Develop a fitness conditioning program to improve complex coordination and movement, dynamic balance, linear/multi-directional speed, strength, endurance or stamina, flexibility, core and shoulder stability and explosive and reactive power.

  1. For all components of your program, look to include tennis-specific exercises with comparable work intervals and work-to-rest ratios.
  2. Work on exercises to stabilize and strengthen the core. Work on your ability to maintain core stability and muscle integrity in execution of all strokes.
  3. Include exercises to build foundational leg (lower body) strength and exercises to build explosive power in the legs to enhance ground force (push-off) in the first kinetic chain link.
  4. Work on movement patterns to improve dynamic balance, coordination and agility. Include movement patterns to develop speed and quickness (particularly in the first step to the ball), acceleration and deceleration. Include adaptive and reactive movement patterns to simulate the variability of play.
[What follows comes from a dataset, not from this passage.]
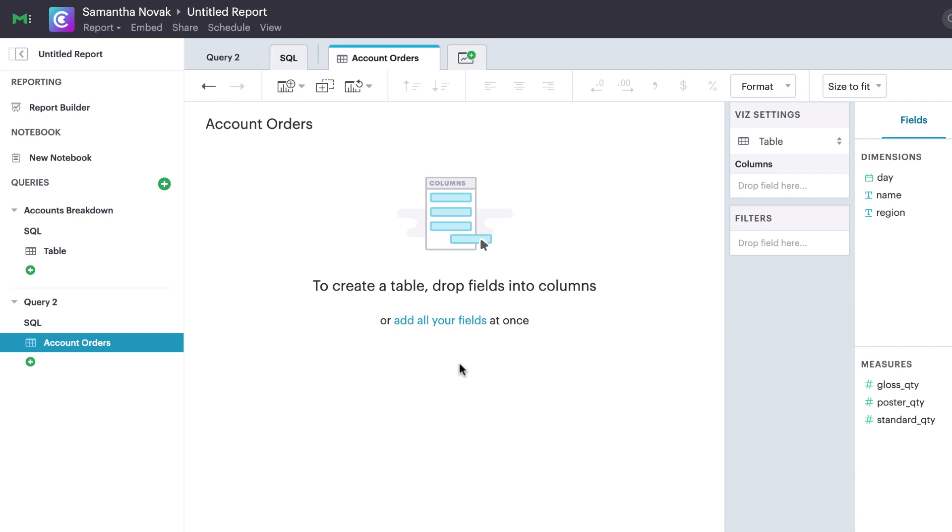If you want to display all your fields, use this shortcut to instantly add your entire field set to the table, or drag-and-drop the fields you want.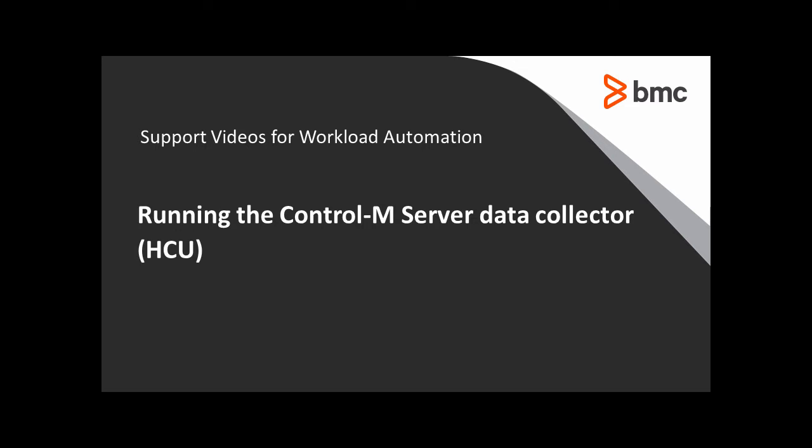This video will demonstrate how to run the Control-M Server data collector, also known as a health check utility.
  5. Include vertical-based extended kinetic chain (whole body movement) and fascial line exercises to improve ground force transmission of power and synchronization between muscle groups for all strokes.
  6. Include exercises to address flexibility and range of motion to improve efficiency of movement, enhance stroke production and prevent injuries.
  7. Commit time for unilateral (both contralateral and ipsilateral)/offset, anti-rotation, torsional buttressing and rotational force patterns and exercises to correct strength imbalances and increase core stability, strength and dynamic balance. Include other applicable exercises to address imbalances in the muscle length tension relationship (inherent in the nature of the game with one-arm dominance and the requirement for a lower center of gravity).
  8. Include in your program steady-state and interval-based cardio training to improve stamina and endurance.
  9. On a more daily basis include static, myofascial (with foam roller or ball), proprioceptive neuromuscular facilitation (PNF) hold-relax, contract-relax and/or hold-relax with agonist contraction and/or active isolated stretching (AIS) exercises.
  10. Establish training blocks to systematically vary training volume, intensity and complexity based on your goals and priorities.